Naming is and has always been a controversial and subjective topic. This is particularly true in the area of content-centric networking (CCN) [3]. What are the naming strategies and conventions used to assign meaning to content? How do we discover and learn names? What do the names reveal about the content to which point? Are names absolute or relative? Do they change over time?

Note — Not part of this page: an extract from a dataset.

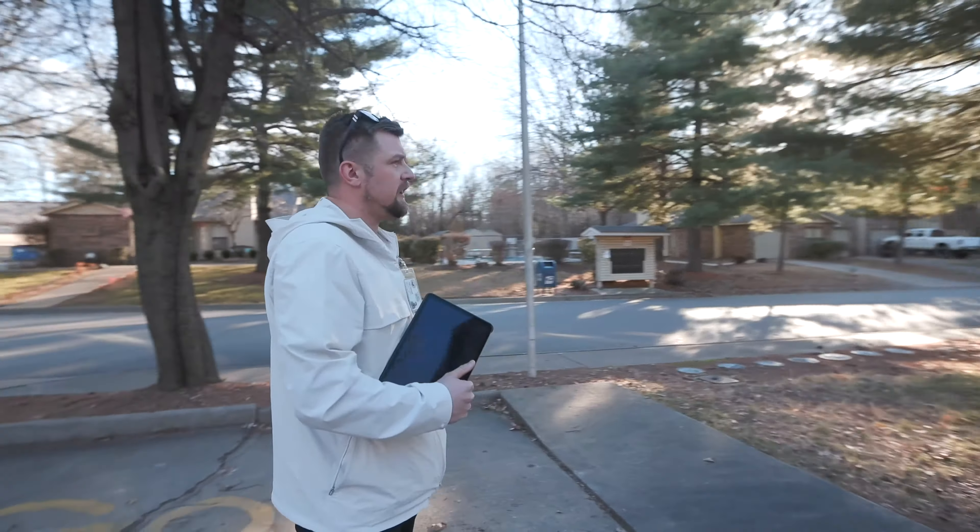Sorry guys, phone call coming in — over in Forest City. Hello, this is Cody. Good, how are you doing?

I am discouraged by the apparent readiness by which researchers consider this to be a solved problem. I often hear people say things like "just name the data" or "just ask for [the data] with this name." Naming is simple, right? I'm not so sure. These simple answers completely ignore nearly ever one of the problems I just listed. In this post, I will attempt to make sense of the current state of naming as it pertains to CCN. I will discuss how we might be able to do better for CCN and related architectures in which named data is a first class citizen in a distributed system.

# What's in a Name? #

By and large, URIs are the standard way by which applications and users identify data and services (i.e., resources) in the Internet. As the name implies, a URI is something which identifies a resource. It can take two forms: URLs and URNs (links and names). A URL is an identifier in that it specifies a way by which to access a resource. In this case, that access strategy is encoded in a link. Conversely, a URN identifies a resource by referring to it by name in a particular namespace. The access mechanism is not explicitly delineated in a URN.

But URIs are not the only form of identifiers that we can use to represent data. Let's consider some alternative networking architectures and their approaches to naming. URIs are primarily used to bind meaningful names to content in both IPv4 and IPv6 with DNS as the resolution service that translates between these names and usable addresses. The GS1 [1] (Global Language of Business) uses random data and additional metadata to name products. SWE [2] (Sensor Web Enablement) uses unique identifiers based on random data to mark individual sensors. Many ICN architectures like CCN and NDN [4] use hierarchical URIs (URNs, really) to mark data. In these architectures, cryptographic hash digests are also used as static identifiers for data. MobilityFirst [5], another future Internet architecture, uses GUIDs and hash digests to mark data and entities in the network.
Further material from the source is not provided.